Que en una década los jóvenes españoles hayan cuadruplicado y duplicado el consumo de cocaína y cannabis no es un fracaso de la legislación o de las medidas preventivas. Es, simplemente, un fracaso de la sociedad. Las familias, los gobiernos y las instituciones implicadas en el caso suelen ser muy hipócritas en temas así. Y son hipócritas porque, de otro modo, habría que admitir que nuestra sociedad no tiene nada claros valores y principios tan necesarios como por ejemplo las jerarquías, el rol colectivo de la moral o la trascendencia de la cultura y la intrascendencia del ocio.

Cuando estas cosas se alteran, cuando sólo parecen claramente valiosas la juventud, la condescendencia por uno mismo y por el círculo más inmediato y la entrega ingenua a la satisfacción sistemática, quizá habría que pensar que nos estamos equivocando de modelo. Pero en lugar de revisarlo, lo que hacemos es pagar campañas generalistas sobre los peligros de la droga, o sobre el valor de la vida, dos cosas desmentidas a diario por la publicidad, los modelos televisivos, los estándares de belleza y de comportamiento y la práctica política.

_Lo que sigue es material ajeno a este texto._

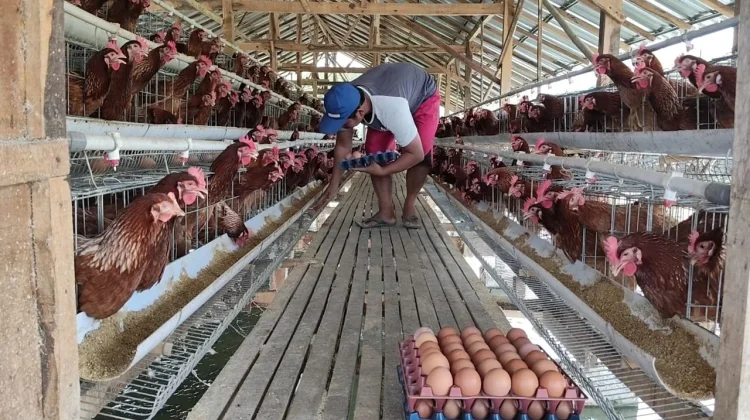 Harga Pakan Naik Namun Telur Turun, Peternak Karanganyar Merugi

Una de las conclusiones de la encuesta que ha presentado recientemente la señora ministra es que las drogas no dan miedo a los más jóvenes. No les dan miedo ni tienen percepción de riesgo. Naturalmente. No pueden tener miedo: son jóvenes, todo viene guiado por el progreso, viven en el mejor de los mundos, no tienen ninguna sensación de culpa, se sienten justos y se les recomienda reír y ser felices... Estas son las verdaderas drogas de los jóvenes, y no los productos que toman.